Coccoは沖縄を「好きで、好きすぎて、だから何かを期待してダメになったときの絶望感は、とても大きい。」それは沖縄で生まれ育った、県民みなさんの共通の思いだろう。
本当は基地問題について言いたいことが沢山あるのに、「どうせ、叶わない夢」「恩恵を受けている人もいるんだから。」と大きな声を上げることは、慎んできた。しかし、米軍普天間飛行場の国外・県外移設を求め沖縄で県民大会が、今年4月25日に開かれ約9万人が参加したのだ。
「沖縄県民が初めて、ひとつの意見を主張したんです。
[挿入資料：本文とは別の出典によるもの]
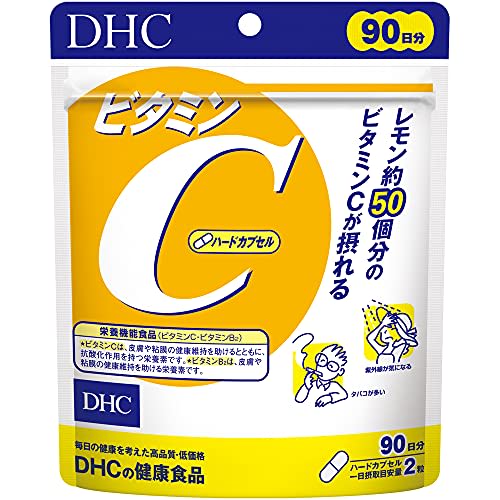 DHC DHC ビタミンC(ハードカプセル)徳用90日分 パッケージ画像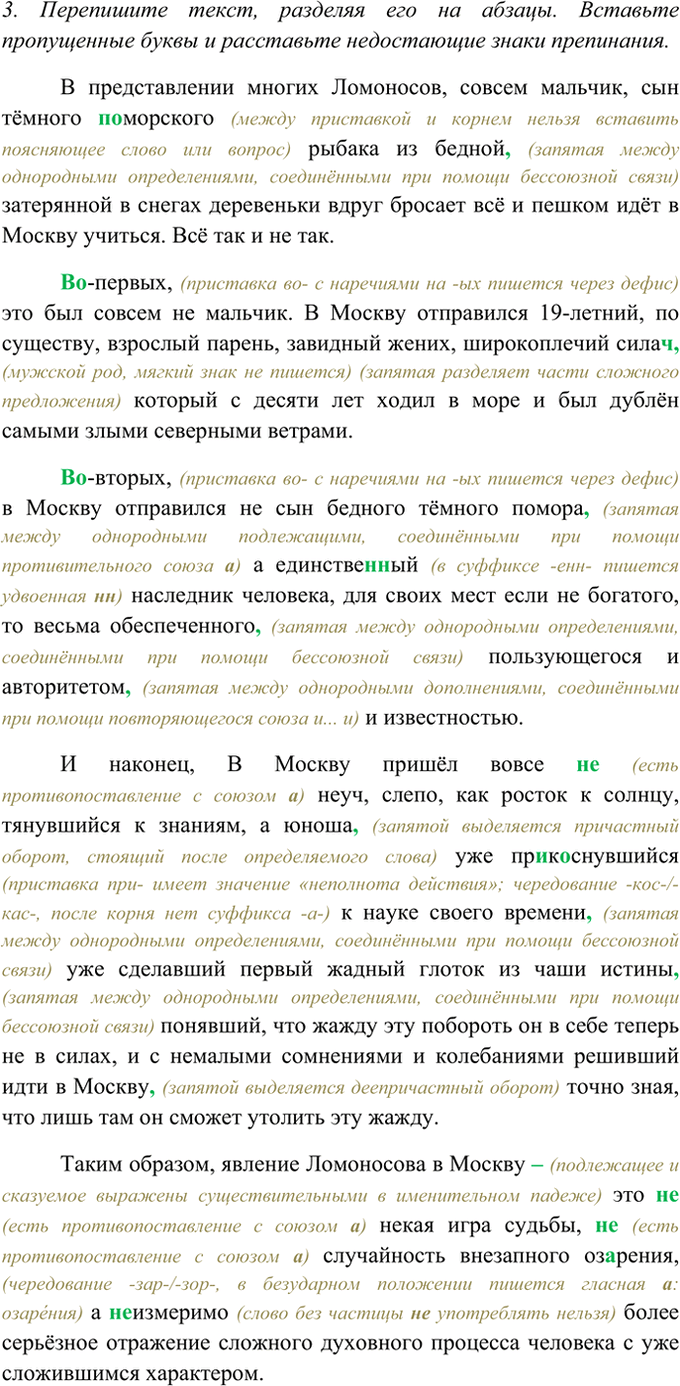 Дополнительное изображение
」「夢を諦めてばかりの沖縄の“おじい”と“おばあ”に死ぬ前に、ひとつだけでも叶う夢を見せてあげたいのに。」Coccoは、涙を浮かべるわけでも悔しさを滲ませるわけでもなく、真っ直ぐ前を見て語った。その大きく見開いた目に、彼女の強い思いが感じ取れた。
沖縄のために、自分は何も出来ないのか―と悩んでいたCoccoの元に彼女が通っていた幼稚園から、「園の歌を作って欲しい。」との要望があった。『めざましテレビ』(フジテレビ系)の中で、その幼稚園を訪ね曲を披露するCocco。「私には、沖縄のためにできることがある。それは、願いを込めて歌い続けること。」そう最後に語った彼女は、やっと笑顔になった。